This AI security flaw might be impossible to fix • Graham Cluley

Then it dropped to number 3, and recently I think it dropped to number 6, but it’s still on there because we’re still screwing it up all the time.

And the way that you solve injection is twofold. So the first thing is that you validate all input. So, I don’t mean you sanitize.

I mean that, you know, if you’re supposed to get a date, you check that it is a date, you check that it’s in the range, you check the type, you check the format, you check every single thing about it.

And if anything’s off, you’re “No thanks, try again.” So, once it’s all the things that’s supposed to be, then you either escape or sanitize out special, potentially dangerous characters.

So, if for instance, you need to accept the name O’Malley, which has a single quote in it, then you accept it and then you either sanitize out, or in my case, I always escape.

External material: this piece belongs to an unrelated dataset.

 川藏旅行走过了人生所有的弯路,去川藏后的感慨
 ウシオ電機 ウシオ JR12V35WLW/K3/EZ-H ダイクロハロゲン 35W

So you put a backslash in front. Then the second part would be if you’re doing any sort of query language, then you run it through a stored procedure or a prepared statement.

And what that means is you actually choose it as a parameter, which identifies it as data. It says specifically, this is data. It can only be treated as data.

And then you bring it over to the SQL Server, you know, NoSQL, Mongo, whatever you’re using.

And it gets it and it’s “I understand this is only data.” And it does a bunch of magic there, which is escaping. Which is more escaping. And then it runs the thing.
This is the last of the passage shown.